Throughout the Best-Dressed lists for the 2020 Oscars, narratives of competitiveness between women have been created. Charlize Theron was described to wear a ‘fail safe gown’, as if employing an assured method to grab her a desired spot on the list. Olivia Coleman was depicted as ‘showing off’ against her fellow actresses. Penelope Cruz’ gown was determined ‘hard to pull off for the majority of red-carpet starlets’, presenting her as superior to her peers for stunning in her dress. These actresses, among many, are presented to be competing against other women for a spot on the Best-Dressed list.
This presentation of competitive actresses exists at odds with the purpose of the Best-Dressed list. The list serves to celebrate fresh, innovative and beautiful fashion- fashion that is created by designers, not by the actresses. It should be a competition between the fashion designers as to who can make it onto the list, and yet the media insists on making it a competition between the women who wear the designs. The media are incapable of detaching a woman from her appearance. It capitalises from the compulsion to judge a woman based on her appearance, to create a woman-versus-woman competition that doesn’t exist. The media force women to compete in a fashion race that should be for the fashion designers.
These narratives are exclusive to women. The Best-Dressed lists across media sources were dominated by women. Actors and actresses are dressed by the same designers, and yet only women are subject to this competitive depiction. This is most significantly exemplified by an article that lies beneath Vogue’s Best-Dressed list: ‘Brad Pitt and Leonardo DiCaprio’s bromance was the best part of the awards season’. The article goes on to celebrate their ‘real life’ friendship and gives anecdotes about how the pair sometime share sandwiches. In the midst of this joyful celebration of male friendship displayed at the 2020 Oscars, Vogue plug a video: ‘Taylor Hill on her old Hollywood-Inspired Dress’. The double standard between men and women is grossly clear, and almost laughable. While men are celebrated for their supportive friendships, the media reduce women to the clothes they wear in order to maintain these narratives of competitiveness.

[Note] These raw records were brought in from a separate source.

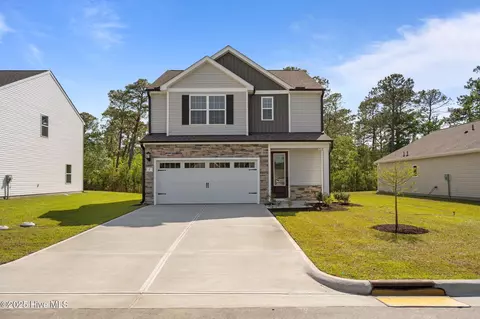 7 N Umbrella Palm Dr, Hampstead, NC 28443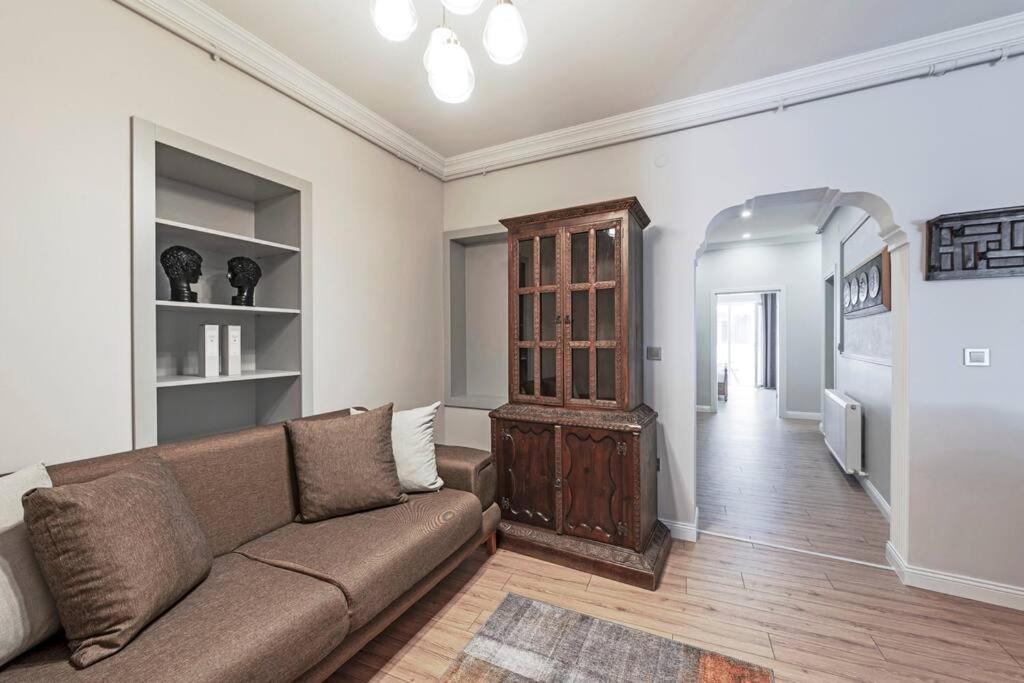 Classic Beauty Stylish And Modernized In Area Daire İstanbul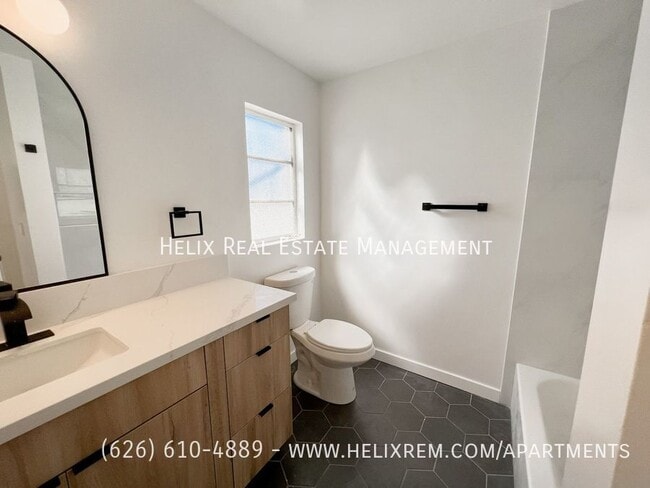 Building Photo - 1313 Huntington Dr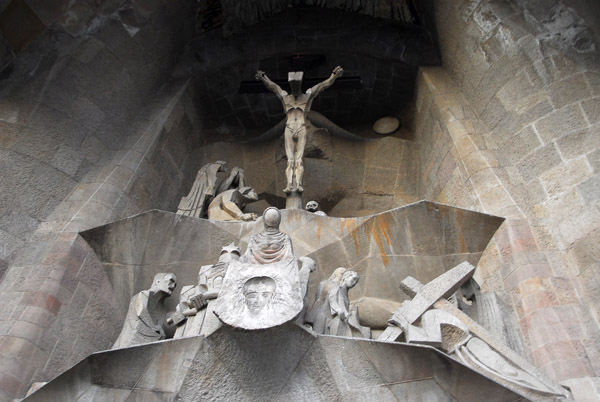 Passion Faade, Crucifixion, Sagrada Famlia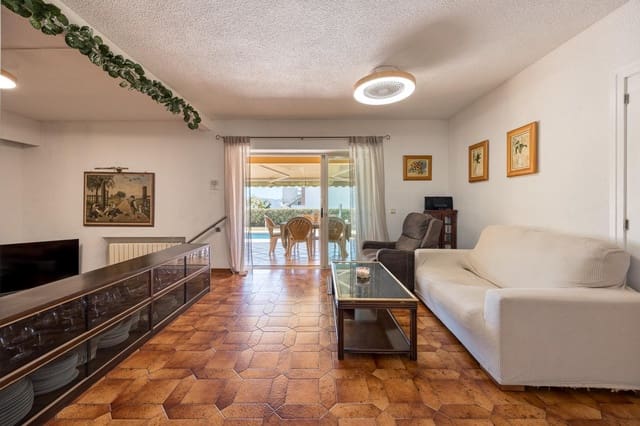 4 soveværelse Villa til salg i Coloma  , La Nucia med swimmingpool garage - € 730.000 (Ref: 9721848)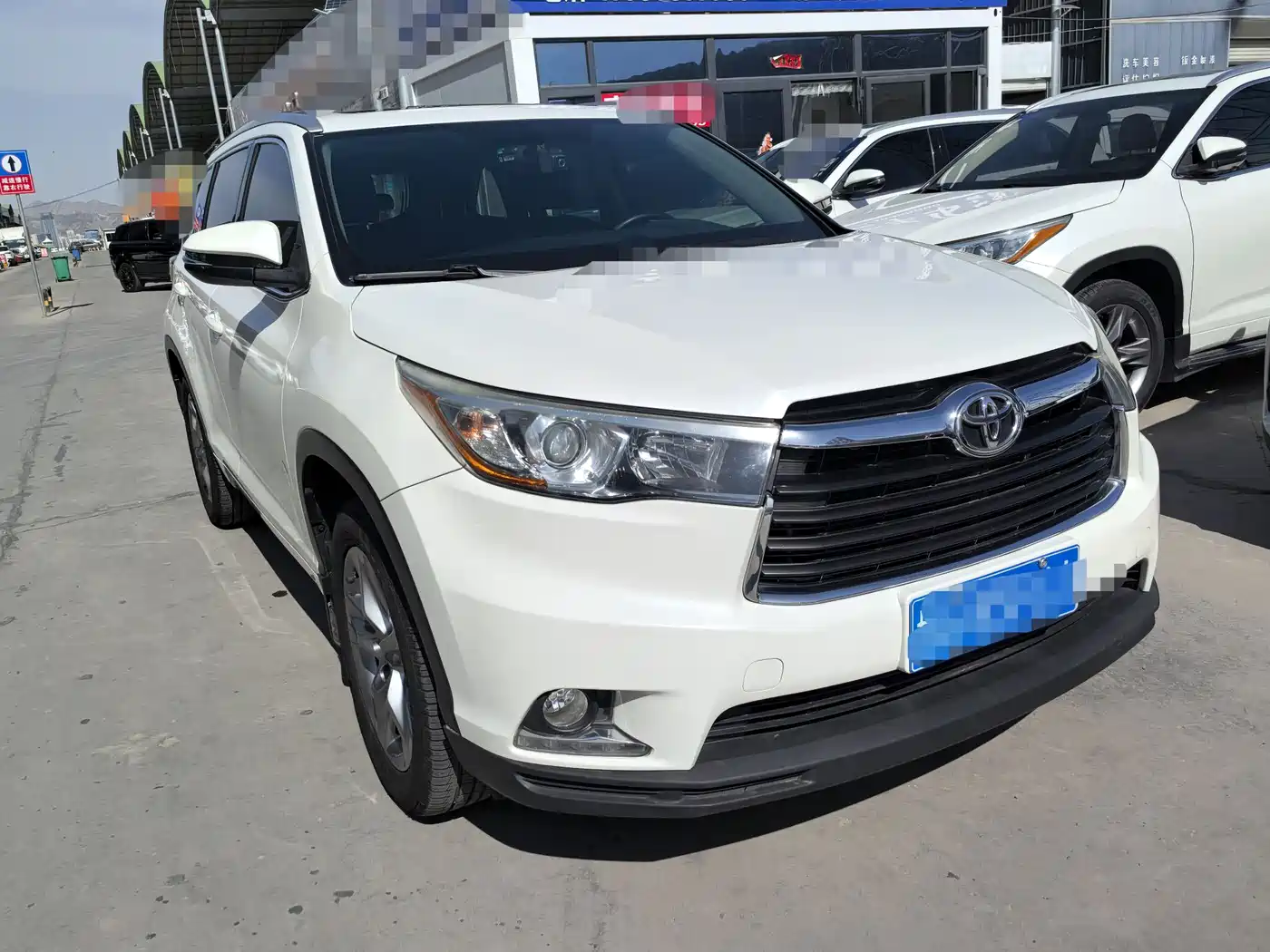 TOYOTA HIGHLANDER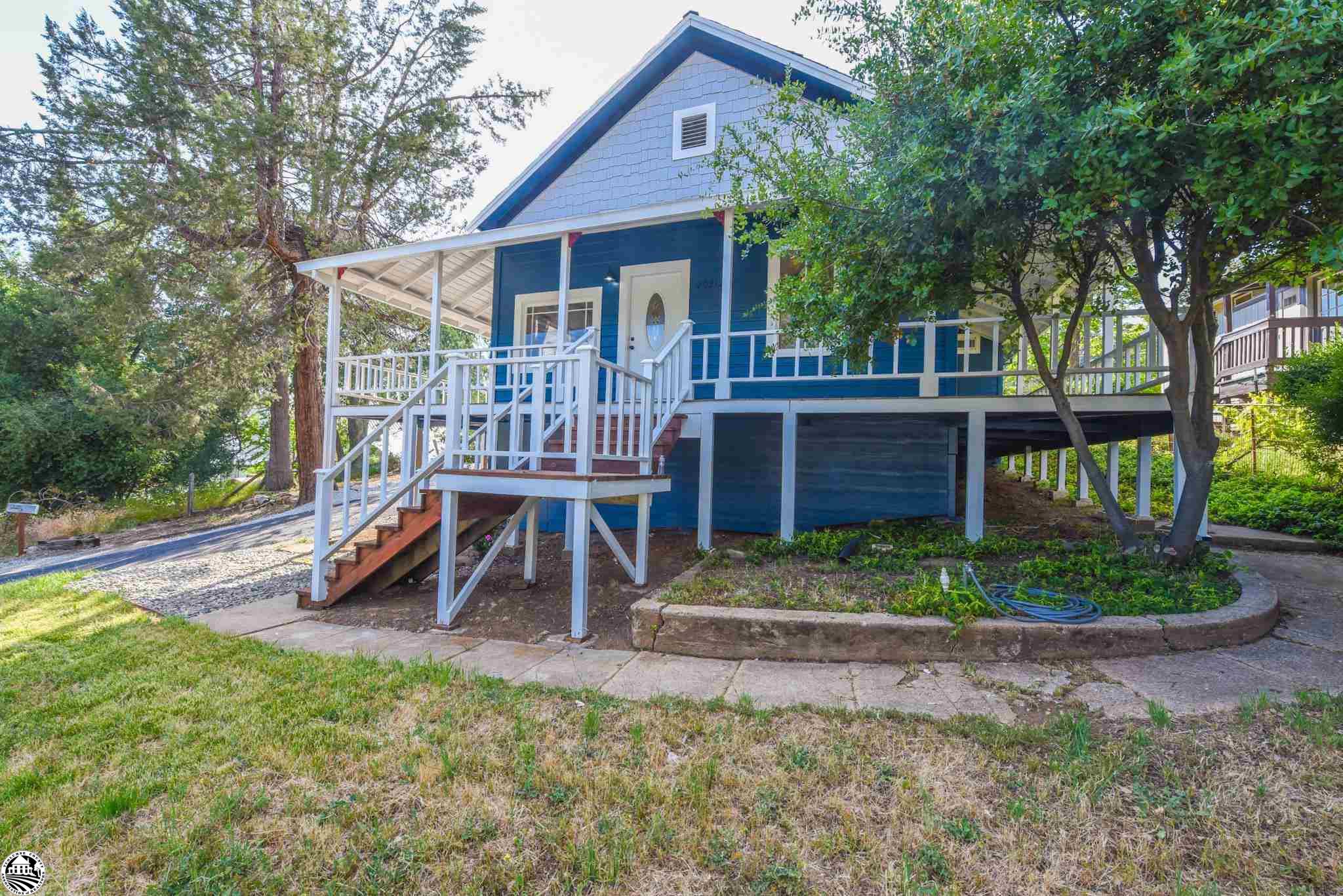Ranch style 3 bedroom, 2 bath home in Soulsbyville.  Features include newer flooring, granite countertops, stainless appliances, central hvac, and a woodstove.  Main level master suite, bonus room, covered porch, shop, and more.  Just minutes to Twain Harte and Sonora.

Why not depict female friendship in the same way as men? This would be reductive. Presenting women as competitive ultimately benefits the fashion industry. Influencing young women with the belief that they must be more aesthetically desirable then their female peers drives consumerism into the fashion and cosmetic industries. Consumerism profits when there is a constant drive to be better; new products give the edge against others. For fashion, this sense of competition is seen as new trends develop every season. Presenting women as competitive is integral to maintaining the consumerist drive for the fashion industry, and the Best-Dressed of the 2020 Oscars is a key player in this narrative.